I mentioned in an earlier post that you should have a central element of conflict in your story, but let me explain this a little further.
It’s possible you may have one individual or thing that is in direct opposition to your main character that is his greatest obstacle or challenge. It may be another person, an evil beast or demon, an element of nature (The Perfect Storm, for example), or a more abstract opponent, like society or law or “the system.” A lawyer trying to take a case to the Supreme Court can be fighting society and the legal system, and so instead of one person opposing him, conflict can come via many people and circumstances. The central conflict might encompass a number of elements, but it will still be “man against society,” unless this is a personal battle, such as in the 1970s movie Kramer vs. Kramer, which is more “man against man” (or woman).
So, to think in terms of a general, overarching central conflict element in your story, you need to go back to pillar #1: concept with a kicker. Your concept needs to be tied in with the central conflict of your story.
If your novel is about a married woman who desperately wants to have a baby and is willing to risk just about anything (high stakes) to get pregnant and have one, you need to determine just what the primary opposition is going to be for her. What is she willing to risk? What if her husband is sterile? What if she, he, or both do not want to adopt? What choices does she face and what would the consequences be by acting on them?
Always Ask Questions!
If you want this story to have great conflict with high stakes, your character might consider getting pregnant in secret, outside her marriage. Enter deception, lying, prevaricating, betrayal. What if she asks her best friend’s husband to impregnate her? Think of what a mess that could make—all because she wants a baby more than anything else. Would she kill? You could push her to that point. People have killed to hide their affairs (makes me think of Scott and Laci Peterson).
Without needing to point this out, we are talking here about a protagonist and her goal. Her core need. These are questions you can ask to help you elevate both private and public stakes:
- What will she do if that core need isn’t met?
- How far can you muddle, push, exacerbate the situation to raise the personal and public stakes?
- How many (more) people can you involve and affect by her choices?
- How many lives can you ruin (this is where you can come up with the great subplots for your secondary characters)?
- What allies can turn into foes by her choices and actions?
- How can you complicate things so that it (seemingly) becomes impossible for her to reach her goal?
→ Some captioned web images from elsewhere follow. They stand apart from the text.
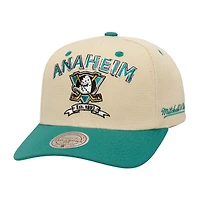 Men's Mitchell & Ness  Cream Anaheim Ducks Soul Legacy Defined Two-Tone Pro Crown Adjustable Hat
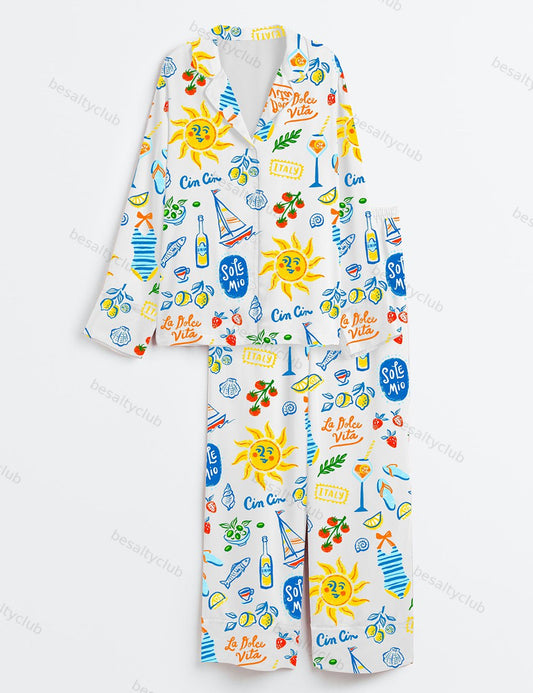 Italian Summer Vacation Seaside Journeys Long Sleeve Satin Pajama Set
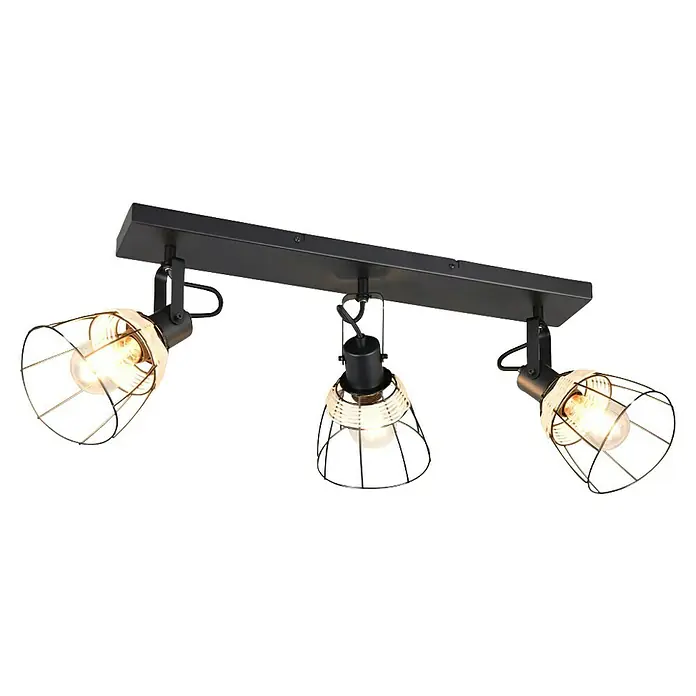 Trio Lighting Regleta Jerome - 30 W, L x An x Al: 20,7 x 62 x 27,5 cm, Negro, E27 - Lámpara de techo negra de tres luces con pantallas de jaula, perfecta para añadir un estilo industrial a cualquier habitación.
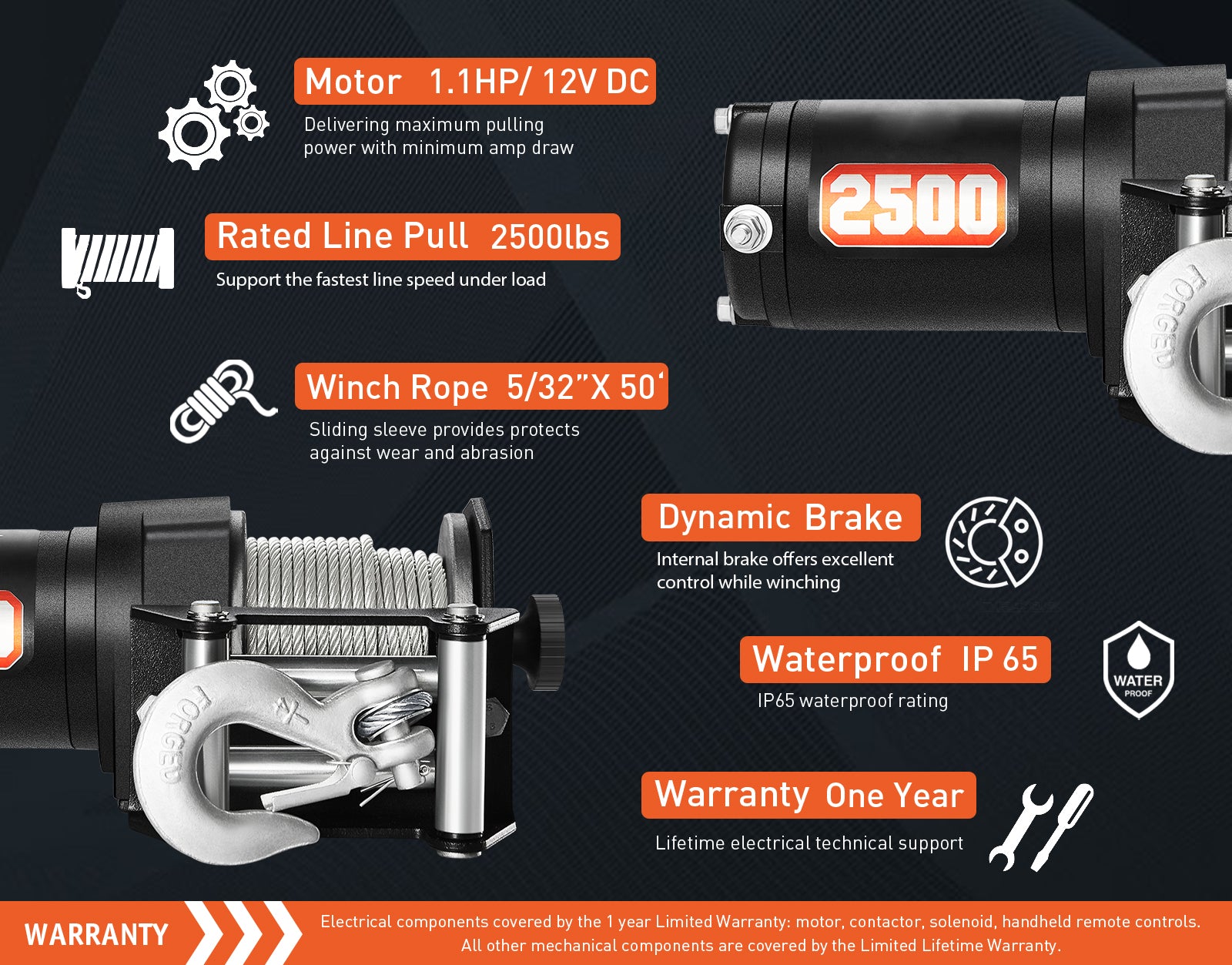 AOTOWO 2500-lb. ATV Winch Kit with Mini-Rocker, Galvanized Steel, Waterproof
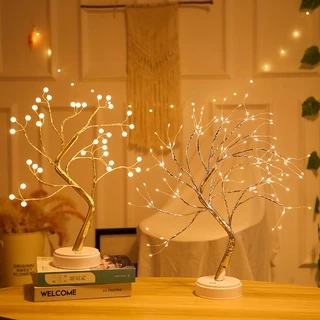 Đèn trang trí để bàn, đèn Led hình cây Vintage decor nội thất phòng ngủ dùng Pin+USB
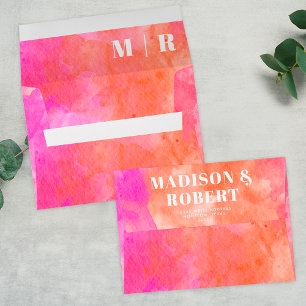 Minimal Chic Pink and Orange Monogram Bold Wedding Envelope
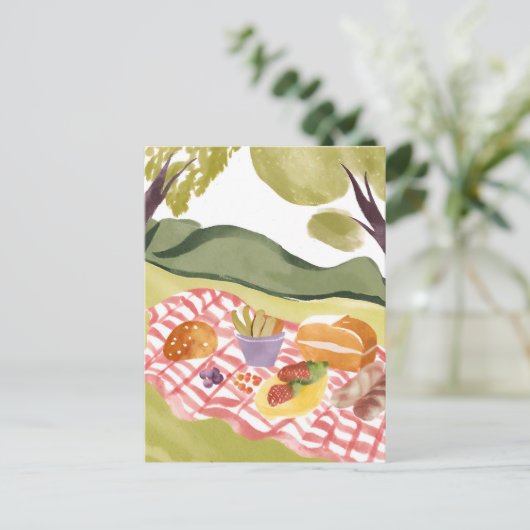 Carte Postale Pique-nique à flanc de colline | Paysage aquarelle (Debout devant)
What will she do now that will make things even worse for herself and others?
- What core beliefs of hers can be challenged?
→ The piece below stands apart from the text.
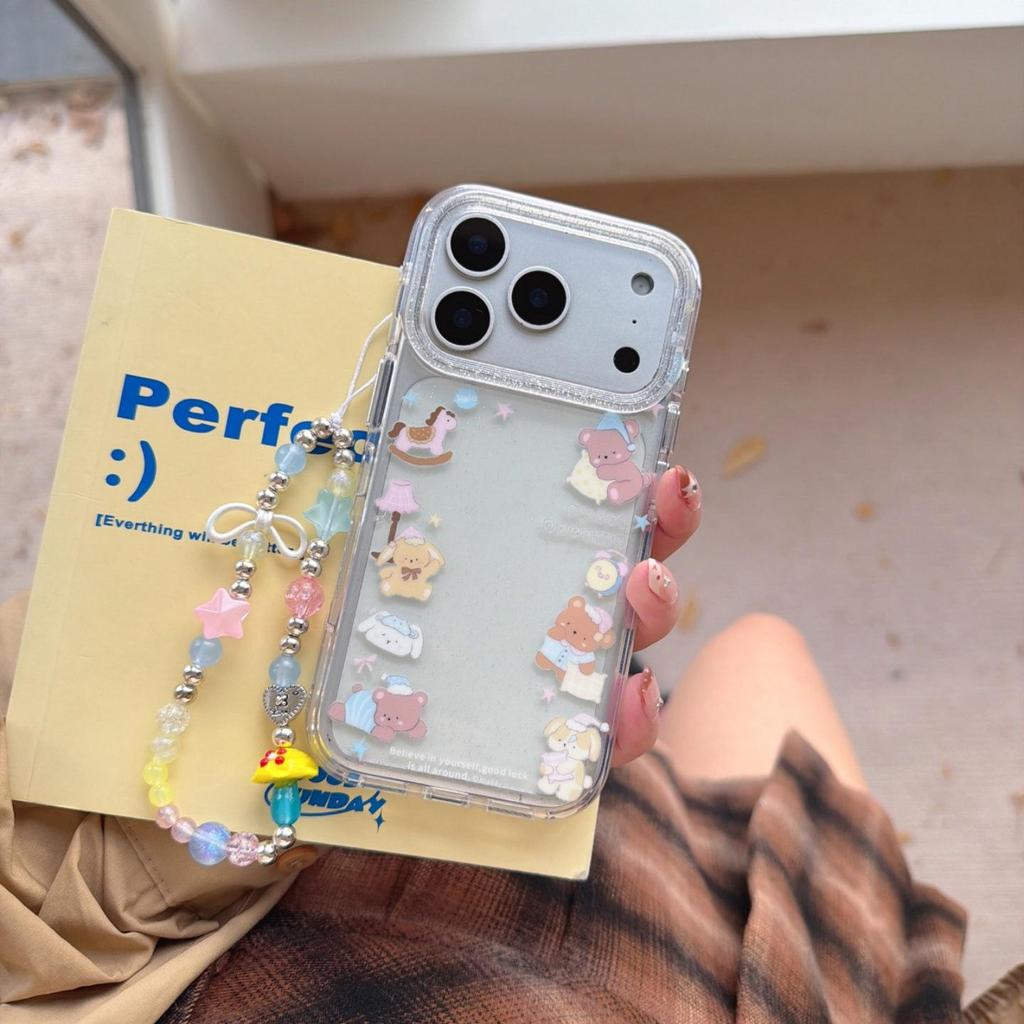 Ochronne etui na telefon Pajama Teddy Bear dla iPhone 13/14/15/16 Pro Max & Apple 17 Pro, okładka damska.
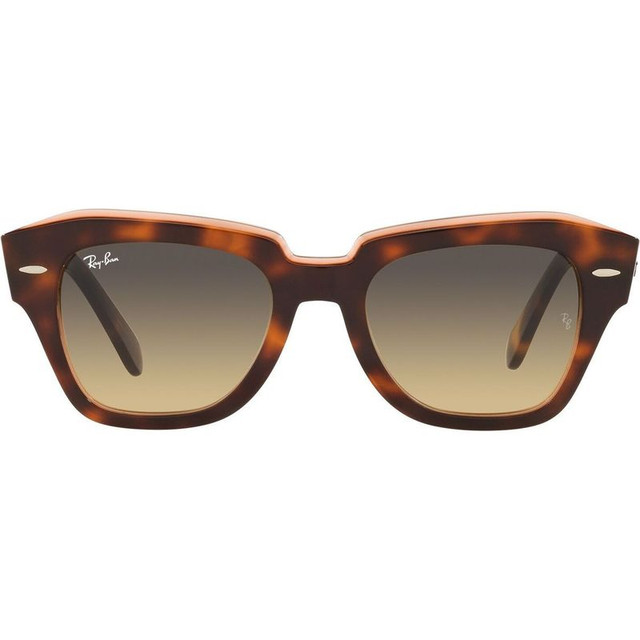 Ray-Ban State Street RB2186 - Havana on Transparent Pink/Brown Blue Gradient Glass Lenses 49 Eye Size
- Can you push her to have to choose between two options, both unthinkable (think Sophie’s Choice)?
Notice how the inner conflicts interweave with the outer ones. Every time your character struggles internally and has to make a hard choice, it creates consequences of outer conflict. And vice versa.
Donald Maass says, “Inner conflict is an interior war.” When your main character has two desires that are mutually exclusive, it’s a dilemma. This is not just inner confusion, though. Inner conflict has to present clear issues with clear repercussions. The choices your character makes have to be deliberate, done with knowledge of the stakes, risks, and consequences.
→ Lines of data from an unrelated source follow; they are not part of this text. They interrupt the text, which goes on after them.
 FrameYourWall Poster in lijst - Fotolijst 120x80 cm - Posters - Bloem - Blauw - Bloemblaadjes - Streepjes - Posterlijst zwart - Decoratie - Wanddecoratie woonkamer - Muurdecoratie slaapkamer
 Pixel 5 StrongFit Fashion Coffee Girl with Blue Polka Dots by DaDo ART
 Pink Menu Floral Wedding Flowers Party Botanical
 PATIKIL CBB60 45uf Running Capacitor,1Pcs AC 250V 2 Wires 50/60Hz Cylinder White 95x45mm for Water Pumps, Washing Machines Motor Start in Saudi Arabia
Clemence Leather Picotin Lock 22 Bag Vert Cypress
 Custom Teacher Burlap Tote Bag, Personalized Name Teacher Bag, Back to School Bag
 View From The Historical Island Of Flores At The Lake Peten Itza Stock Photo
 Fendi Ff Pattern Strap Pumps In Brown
We haven’t gotten into theme yet, but whatever issues your story is showcasing by the plot, create conflict by having others take views that stand in opposition to your protagonist’s. Like plot layers, conflict can be thick or thin. Big and important or small and irritating. The best novels have conflict on many levels, all working cohesively to oppose your character. And as we’ll see later when we look at the pillar “plot in a string of scenes,” these forces build to a climax in which protagonist and conflict clash head-on.
Sometimes we writers really like our characters. We may even love them so much, we hate to make them uncomfortable or hurt them. Our jobs as novelists, however, require that we be a bit heartless. Okay, maybe more than a bit. For how can a hero triumph without conflict and high stakes? How interesting is that novel going to be if there is no obstacle in the way of his getting his heart’s desire?
From what I’ve seen in the hundreds of manuscripts I’ve worked on, conflict and stakes are way underplayed. Writers are too nice to their protagonists. Conflict is narrow, too small a scope. Asking these types of questions (above) can help push you to create higher stakes, bigger risks, greater possible losses, more collateral damage, and horrible choices.
Now that’s the recipe for a page-turner. Think of ways to create lots of internal conflict (hard choices) and external conflict (lots of opposition from every direction) and you’ll have a strong corner pillar. Any thoughts you’d like to share about inner and outer conflict? Which do you like best in a story?